Under The Silver Lake : Lipstick Traces

Cette année, on a comme l’impression que les expériences cinématographiques priment sur la volonté de construire un récit limpide : Le Livre d’Image, Donbass, Un grand voyage vers la nuit ou même Burning, elles ont été nombreuses les œuvres à refuser de nous donner la carte précise pour déchiffrer leur contenu et c’est tant mieux. Parmi ces films, Under The Silver Lake est sans doute le plus mainstream, mais paradoxalement le plus barré d’entre eux. Sa trame, pourtant, n’a rien d’extraordinaire. La matrice du film noir a un nom : Raymond Chandler. Il y a comme ça des noms magiques, qui dans toute la pop culture, ont créé les bases d’une société spectaculaire. L’utilisation du génie artistique par l’industrie pour en faire une idéologie de masse, c’est toute la problématique du dernier film de David Robert Mitchell. Ce qui préoccupe l’auteur de It Follows a déjà poussé un de ces collègues à faire un film : Ready Player One. Là où Spielberg, comme toujours, trouve toutes les raisons pour expliquer que la pop culture, entre de bonnes mains (celle de l’artiste, des joueurs – au sens situationniste du terme) permet de mettre un terme à l’exploitation, David Robert Mitchell à une vision bien plus paranoïaque.

dimension tragique

Si l’on pense devant le personnage d’Andrew Gardfield au Dude, incarné par Jeff Bridges dans The Big Lebowski, Under the Silver Lake est plutôt construit comme un parfait palimpseste de The Long Goodbye, adaptation de Chandler par Robert Altman. Il y a dans Under The Silver Lake une dimension tragique qui est absente du film des frères Coen. Under The Silver Lake est blindé de fausses pistes, et la première est d’assimiler Andrew Gardfield à Jeff Bridges ou de le confondre avec Bill Pulman de Lost Highway, et Humphrey Bogart de The Big Sleep. Le cinéma de David Robert Mitchell va plus chercher son inspiration chez Robert Altman que chez les Coen, Lynch (dans l’horreur bizarre et charnelle, faut plus creuser chez Cronenberg).
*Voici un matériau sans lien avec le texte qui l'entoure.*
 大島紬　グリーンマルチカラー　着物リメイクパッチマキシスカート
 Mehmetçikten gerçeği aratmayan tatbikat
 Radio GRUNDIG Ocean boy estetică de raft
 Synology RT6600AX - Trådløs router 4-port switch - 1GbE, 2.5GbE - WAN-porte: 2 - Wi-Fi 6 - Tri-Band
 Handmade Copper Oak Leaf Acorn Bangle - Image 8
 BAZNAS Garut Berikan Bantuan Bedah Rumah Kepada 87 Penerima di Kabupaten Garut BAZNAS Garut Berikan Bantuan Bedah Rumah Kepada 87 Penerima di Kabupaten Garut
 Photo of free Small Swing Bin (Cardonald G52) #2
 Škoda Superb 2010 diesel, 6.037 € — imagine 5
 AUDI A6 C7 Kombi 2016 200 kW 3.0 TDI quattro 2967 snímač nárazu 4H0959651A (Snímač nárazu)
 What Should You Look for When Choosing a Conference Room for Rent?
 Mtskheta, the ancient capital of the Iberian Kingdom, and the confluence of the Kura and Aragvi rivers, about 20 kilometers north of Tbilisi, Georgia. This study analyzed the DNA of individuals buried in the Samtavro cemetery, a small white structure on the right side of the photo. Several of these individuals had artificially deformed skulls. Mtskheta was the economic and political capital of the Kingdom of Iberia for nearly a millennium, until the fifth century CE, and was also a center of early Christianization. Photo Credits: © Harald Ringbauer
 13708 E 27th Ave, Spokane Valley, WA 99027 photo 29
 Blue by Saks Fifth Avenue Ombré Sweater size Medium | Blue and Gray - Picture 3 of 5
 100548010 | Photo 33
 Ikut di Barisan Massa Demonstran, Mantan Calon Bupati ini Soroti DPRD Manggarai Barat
Ce qui l’intéresse ce n’est pas la névrose de l’individu, mais de mettre en scène un groupe social et chercher ce qui lie ce groupe et ce qui peut le faire exploser. Ces questionnements parcours toute son œuvre, de The Myth of the American Sleepover, à Under The Silver Lake, il décortique une communauté, tout comme le faisait Altman. Il constate que ce qui définit le groupe des années 2000, c’est le fait que le groupe, celui qu’il met en scène dans The Myth of the American Sleepover est attaqué par une force invisible qu’il s’agit de saisir (It Follows) et qu’il faut maintenant enquêter sur cette force qui fait exploser le groupe : Under The Silver Lake.

Le dernier long métrage de David Robert Mitchell, est un film fou, parfait miroir d’une situation donnée, la nôtre : où l’on est défini par ce que l’on consomme et l’on condamne un système, celui du loisir, la fameuse « société du spectacle » que l’on réclame dans un même mouvement. Spielberg, donc, démagogue laisse croire au spectateur qu’en contrôlant le jeu, il pourra politiser le loisir pour en faire une force révolutionnaire. David Robert Mitchell n’en croit rien, l’industrie a plusieurs longueurs d’avances sur le spectateur, et joue de la culture populaire pour s’imposer plus profondément dans l’imaginaire de ce qu’il considère comme consommateur. Ce n’est pas un hasard si notre héros est défini par ces multiples dépendances, aux psychotropes, au sexe, aux filles, au cinéma, à la musique ou aux jeux vidéo et surtout aux théories du complot. Andrew Garfield est l’incarnation de l’homme cis hétérosexuel, très cultivé, formé par la culture marchandisée incollable sur la contre-culture: il fume des joints. Comme dans un film de Greg Araki, on lui reprochera de puer autant de la skunk, que du skunk . Comme pour The Long Goodbye, le détective privé à un animal totem : Elliott Gould avait un chat, Sam doit se coltiner une mouffette, dont le nom anglais, Skunk, est largement utilisé en France pour désigner la beuh. Under The Silver Lake est un constat, sur l’apathie populaire depuis la mort du flower powers, et de la découverte des crimes de Charles Manson. Il y a eu à la fin des années 60 une force populaire qui aurait pu permettre de pousser les idées progressistes au pouvoir et, finalement, il ne fut rien. Sauf dans l’utilisation des « produits » culturels pour pacifier la violence capitaliste et rendre inoffensive la subversion de la contre-culture : en d’autres mots il a fallu domestiquer la contre culture. Alors que la culture capitaliste peut enfin fêter sa grande victoire sur l’utilisation subversive des cultures populaires, arrive sur le devant de la scène deux films qui sortent de ce système anti système et qui tentent de faire réfléchir les spectateurs sur leurs degrés d’implication dans la course folle vers le néant. Ready Player One et surtout Under The Silver Lake.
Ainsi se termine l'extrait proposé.